**SOURCE MATERIAL:**

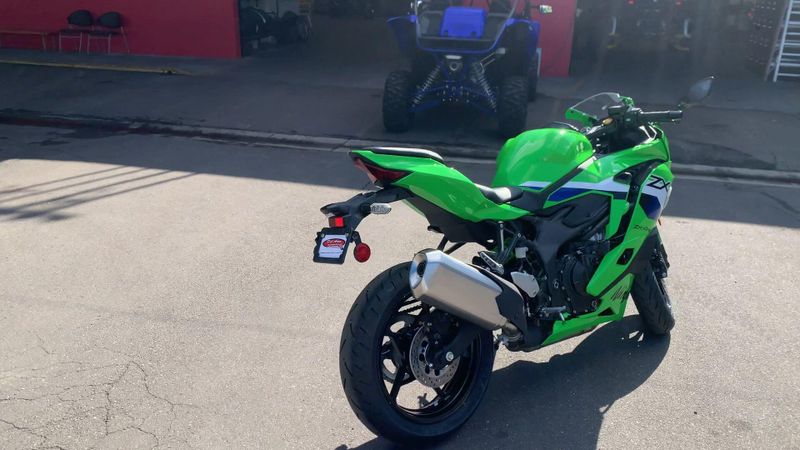 New 2026 Kawasaki NINJA ZX-4RR ABS Image 4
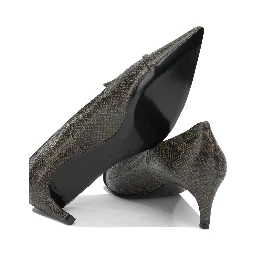 Heeled shoes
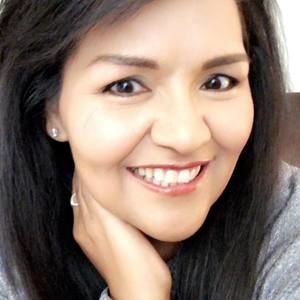 Meet your Posher, Rebecca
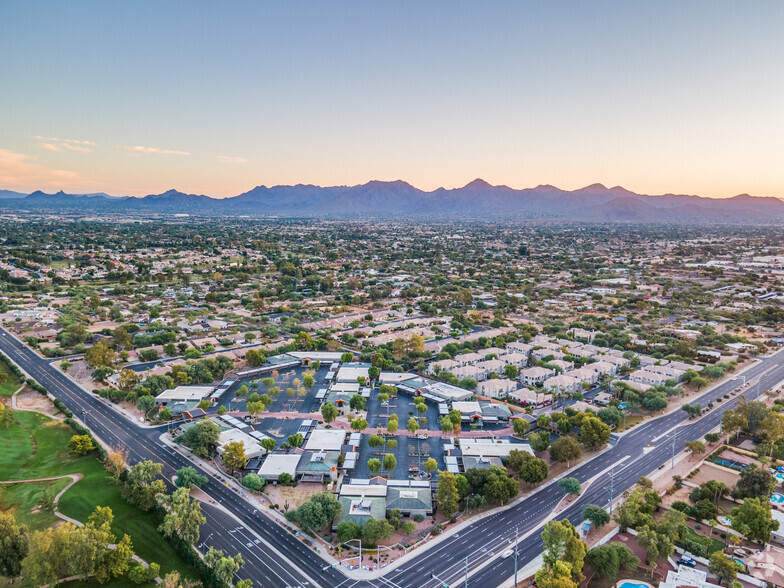 10611 N Hayden Rd, Scottsdale, AZ à louer - Photo principale - Image 1 de 6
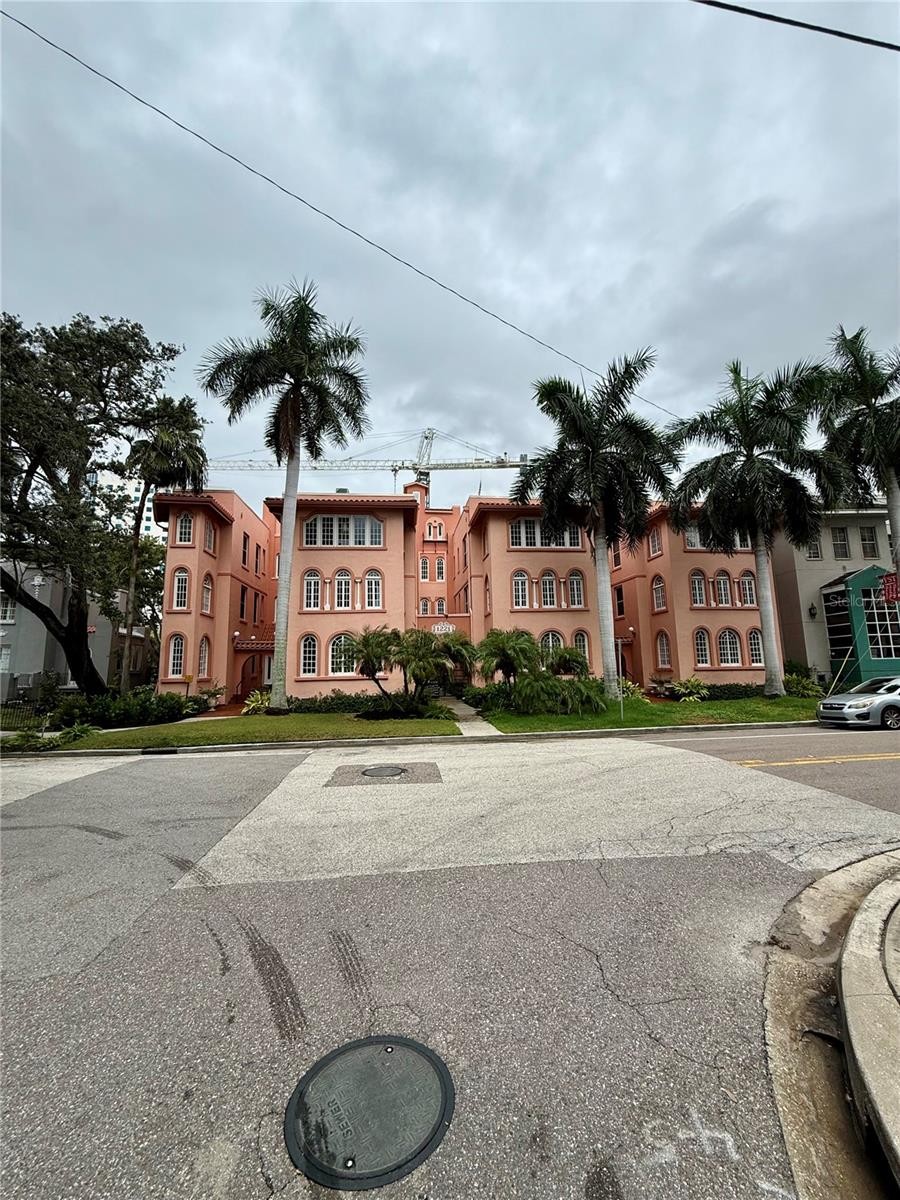 1221 N PALM AVE #204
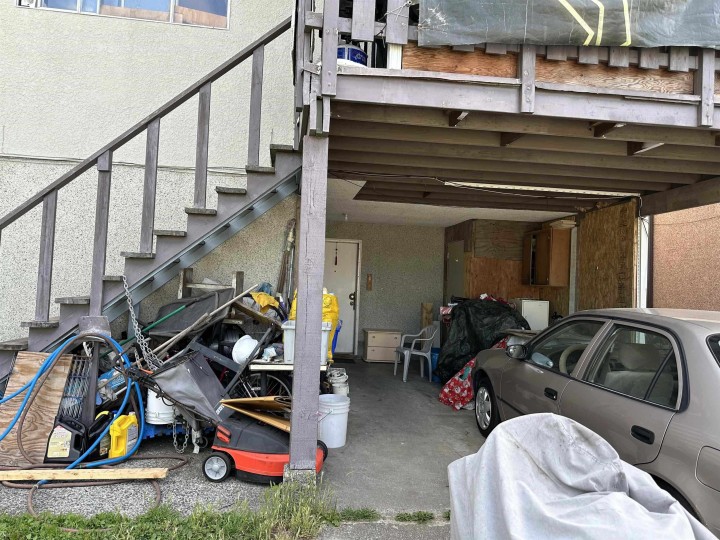Photo 4 at 6915 Beatrice Street, Killarney VE, Vancouver East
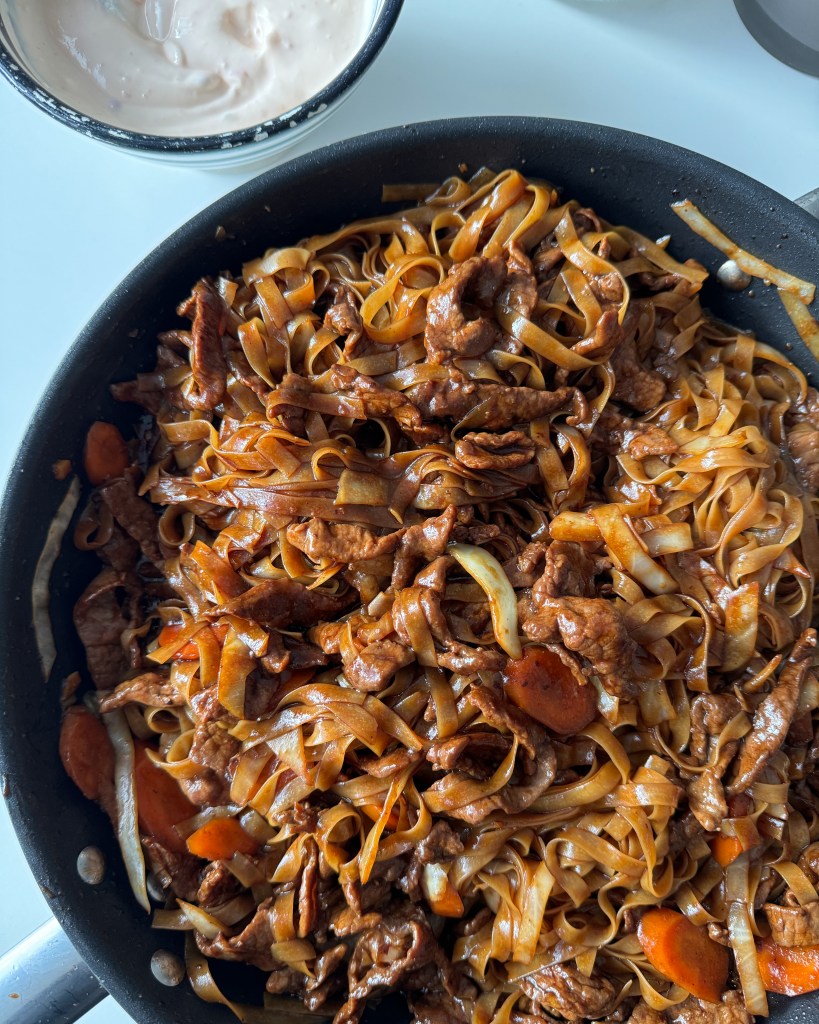 Nudelwok med lövbiff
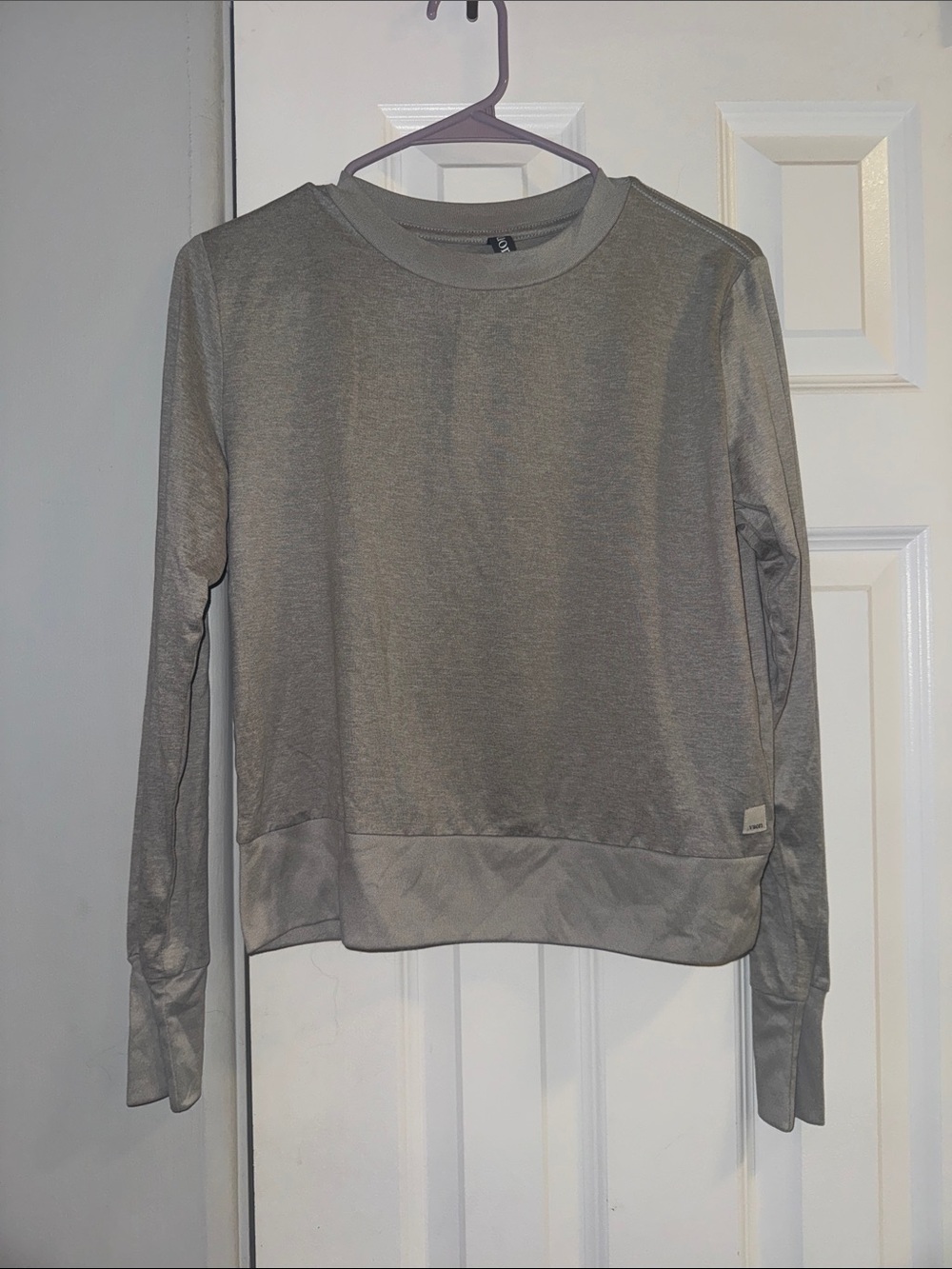 Vuori Light Gray Long-Sleeve Crew Pullover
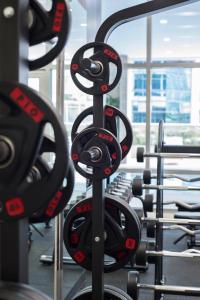 Fitness centrum a/nebo fitness zařízení v ubytování The Sphere Serviced Residences Managed by HII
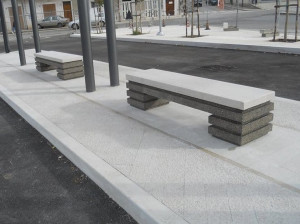 Реконструированная каменная скамья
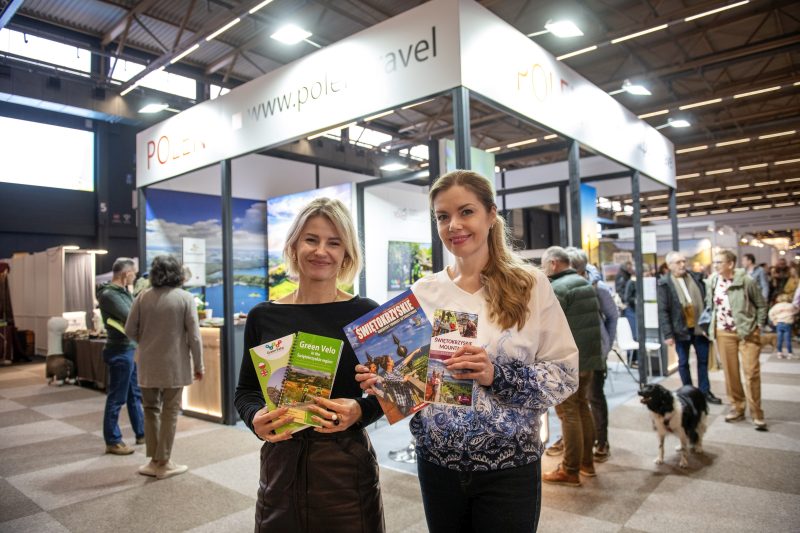Vertegenwoordigers van Polen Toerisme op de Fiets en Wandelbeurs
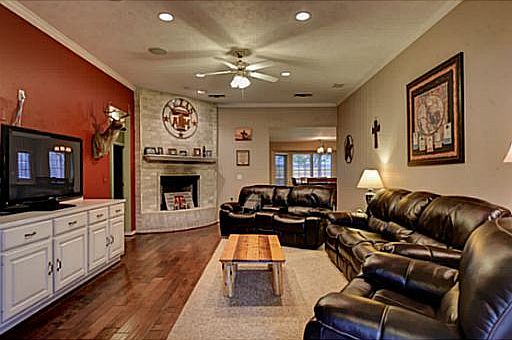 1st image of 1413 Front Royal Dr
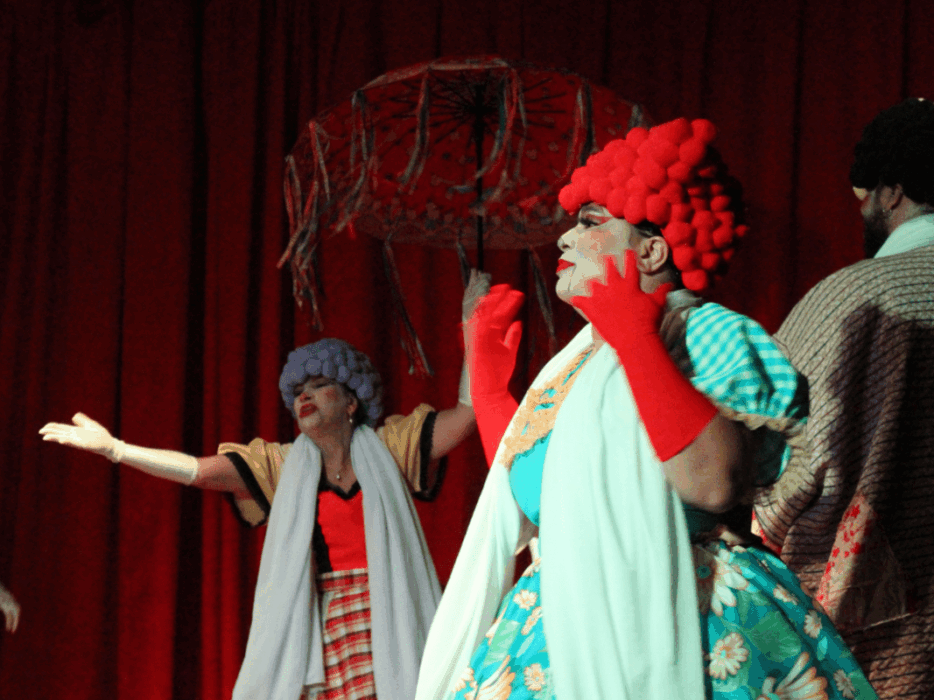 Espetáculo teatral celebra a tradição da Festa de Trindade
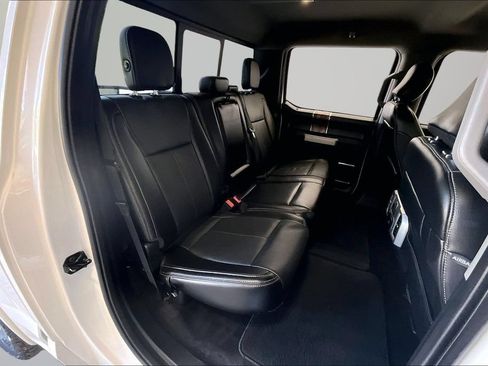Used 2019 Ford F150 Lariat w/ Equipment Group 502A Luxury AWD/4WD image 24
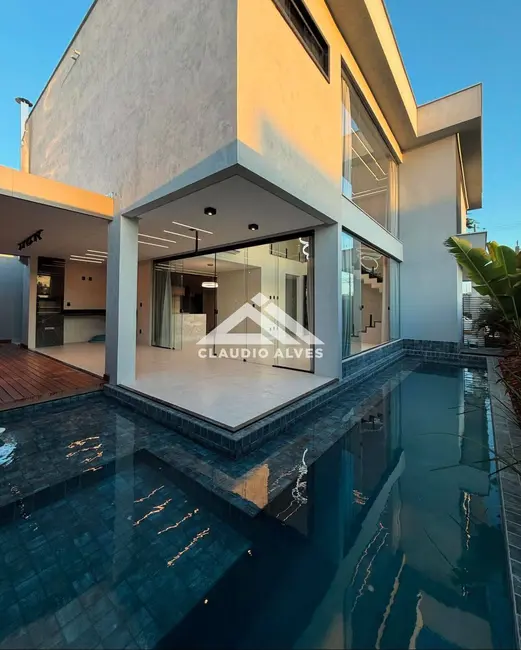 Foto 2 de Casa de Condomínio com 5 quartos à venda, 242m2 em Feira De Santana - BA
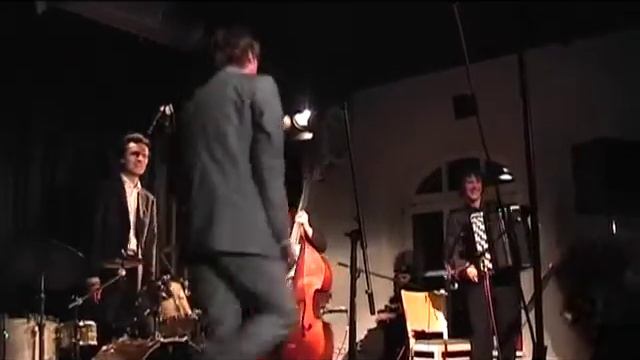 satumaa schlussapplaus смотреть онлайн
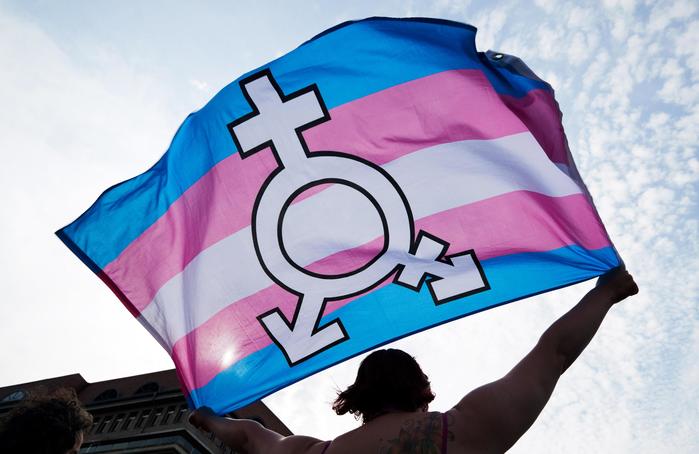 Napoli, ingresso nel bagno maschile negato ad uno studente trans: lo sciopero dei compagni di classe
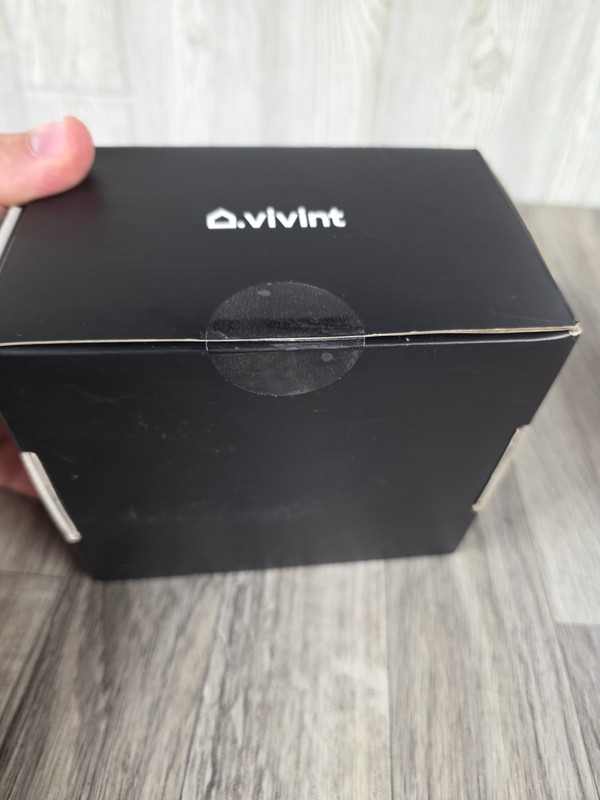 ¥Vivint Indoor Wireless IP/Network Wi-Fi Surveillance Camera - NEW gallery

**TASK GOAL:**
Lines from the one that holds "Napoli, ingresso nel" through the final line of the material are to be duplicated exactly; no pictures belong in the copy.

**SOLUTION FOR THIS TASK:**
 Napoli, ingresso nel bagno maschile negato ad uno studente trans: lo sciopero dei compagni di classe
 ¥Vivint Indoor Wireless IP/Network Wi-Fi Surveillance Camera - NEW gallery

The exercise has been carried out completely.